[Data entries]
#####
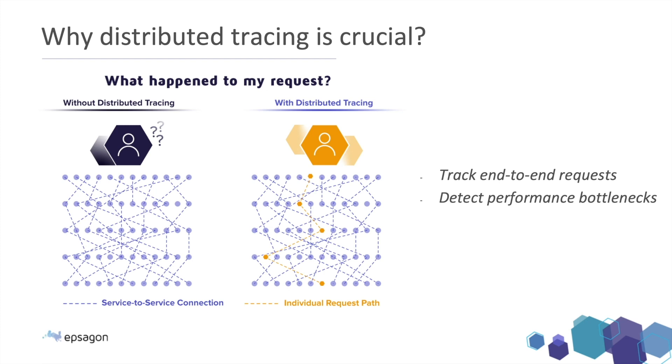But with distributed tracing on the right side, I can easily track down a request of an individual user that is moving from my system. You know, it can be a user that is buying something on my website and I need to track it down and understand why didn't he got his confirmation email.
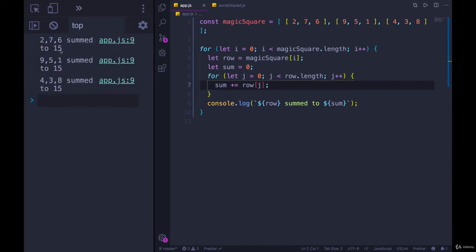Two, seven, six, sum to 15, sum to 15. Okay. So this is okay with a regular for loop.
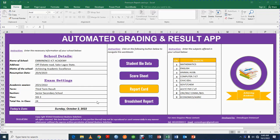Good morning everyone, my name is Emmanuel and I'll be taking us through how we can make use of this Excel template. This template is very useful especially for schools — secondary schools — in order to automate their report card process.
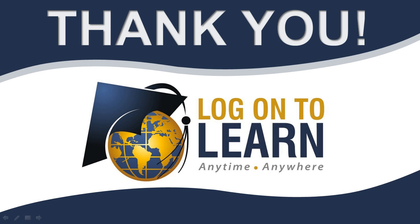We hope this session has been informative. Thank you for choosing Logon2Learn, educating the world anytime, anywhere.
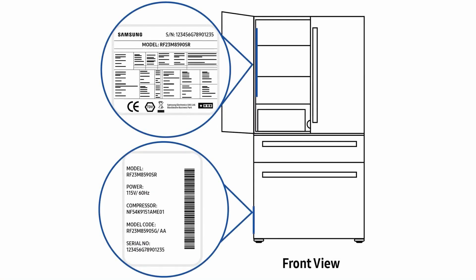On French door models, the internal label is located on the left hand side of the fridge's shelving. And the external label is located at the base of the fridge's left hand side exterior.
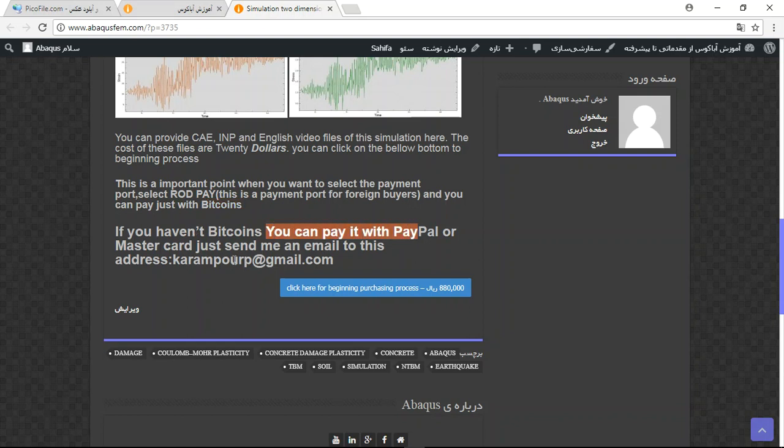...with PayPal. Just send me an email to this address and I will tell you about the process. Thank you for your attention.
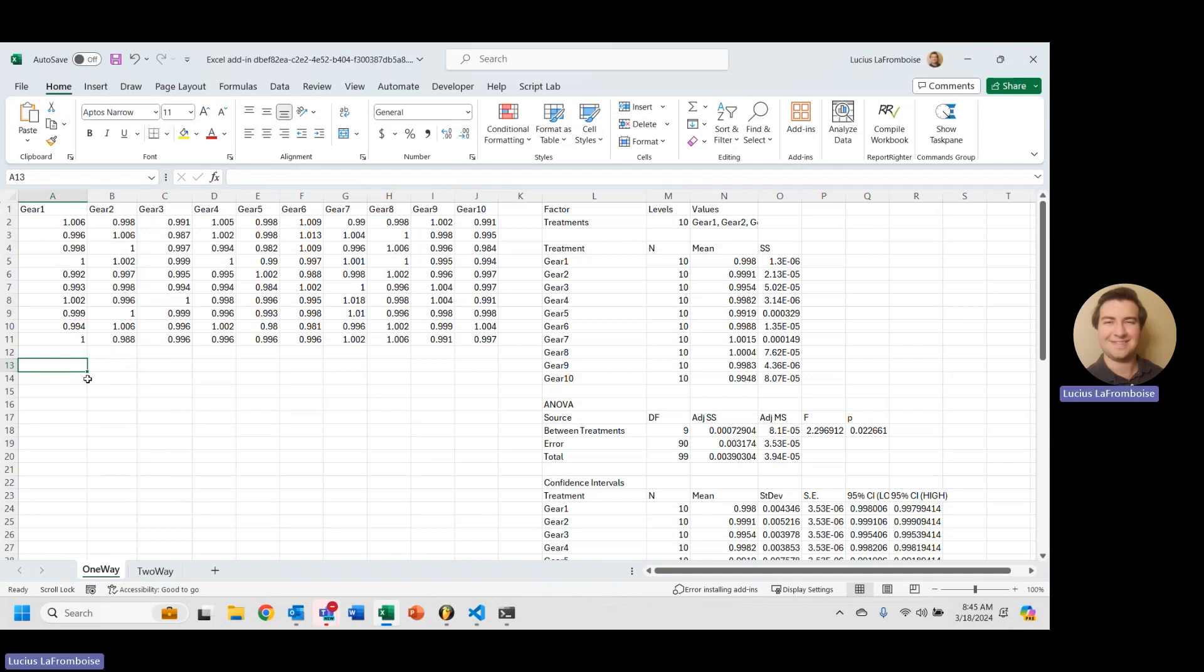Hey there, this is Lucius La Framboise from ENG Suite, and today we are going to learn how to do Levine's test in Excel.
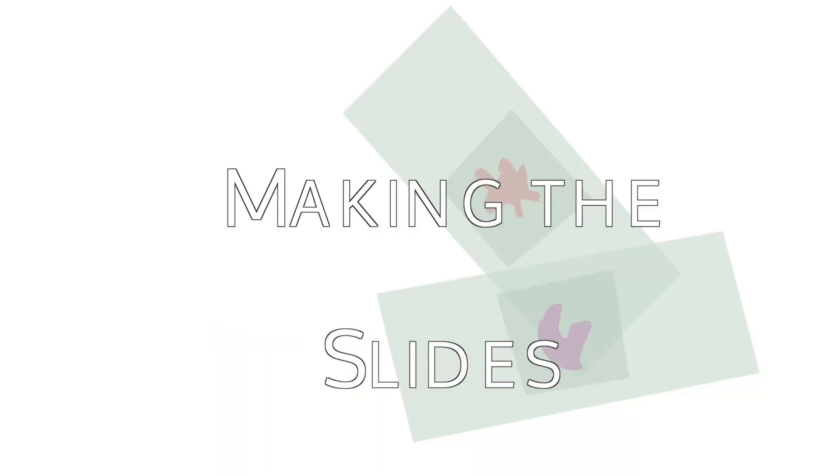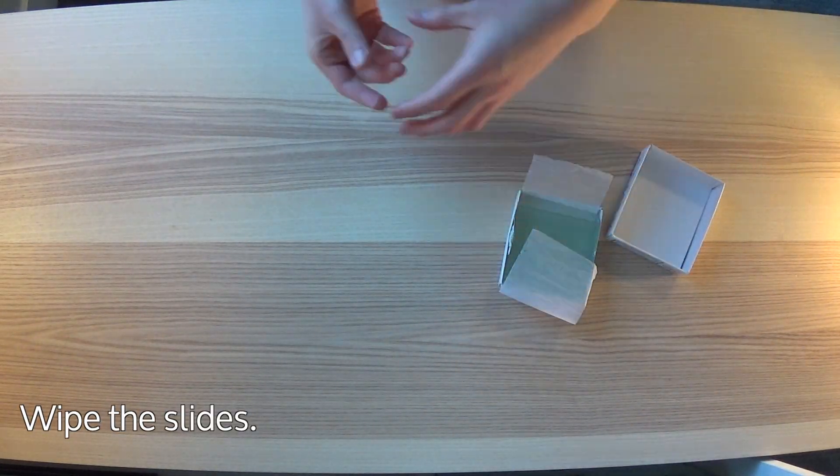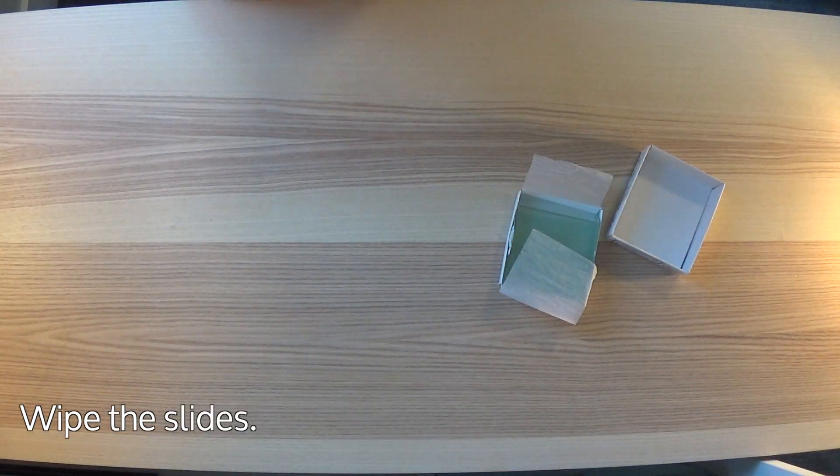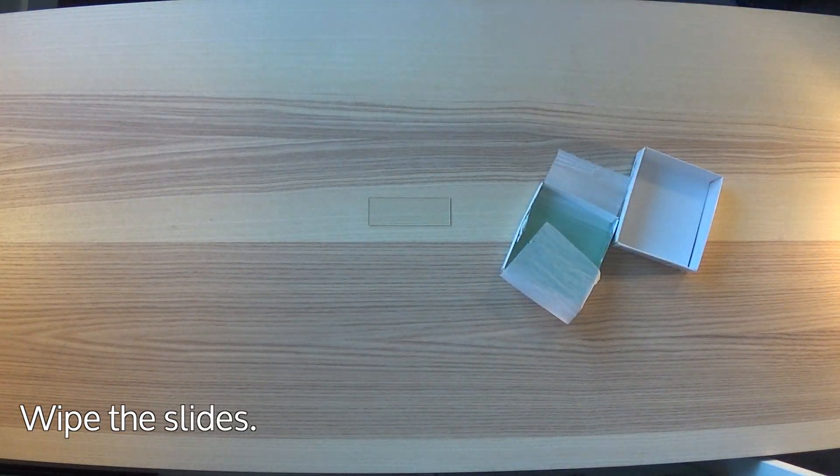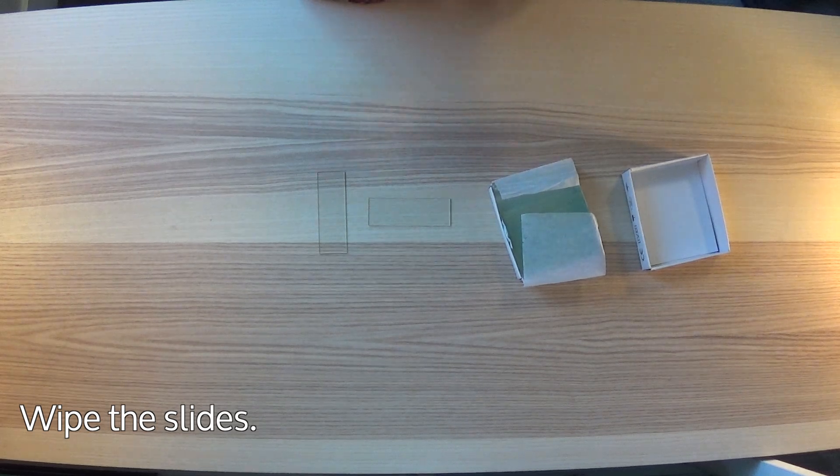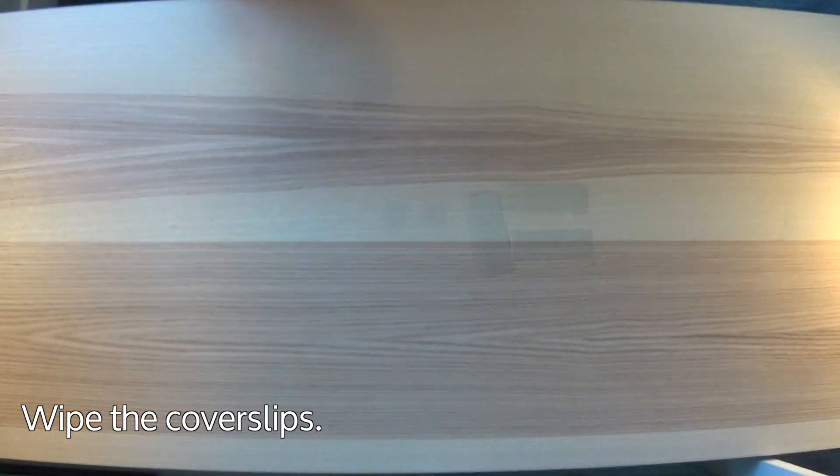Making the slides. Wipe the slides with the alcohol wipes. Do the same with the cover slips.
#####
WORK ORDER:
Make an exact copy of the data, leaving its pictures out.

EXPECTED ANSWER:
But with distributed tracing on the right side, I can easily track down a request of an individual user that is moving from my system. You know, it can be a user that is buying something on my website and I need to track it down and understand why didn't he got his confirmation email.
Two, seven, six, sum to 15, sum to 15. Okay. So this is okay with a regular for loop.
Good morning everyone, my name is Emmanuel and I'll be taking us through how we can make use of this Excel template. This template is very useful especially for schools — secondary schools — in order to automate their report card process.
We hope this session has been informative. Thank you for choosing Logon2Learn, educating the world anytime, anywhere.
On French door models, the internal label is located on the left hand side of the fridge's shelving. And the external label is located at the base of the fridge's left hand side exterior.
...with PayPal. Just send me an email to this address and I will tell you about the process. Thank you for your attention.
Hey there, this is Lucius La Framboise from ENG Suite, and today we are going to learn how to do Levine's test in Excel.
Making the slides. Wipe the slides with the alcohol wipes. Do the same with the cover slips.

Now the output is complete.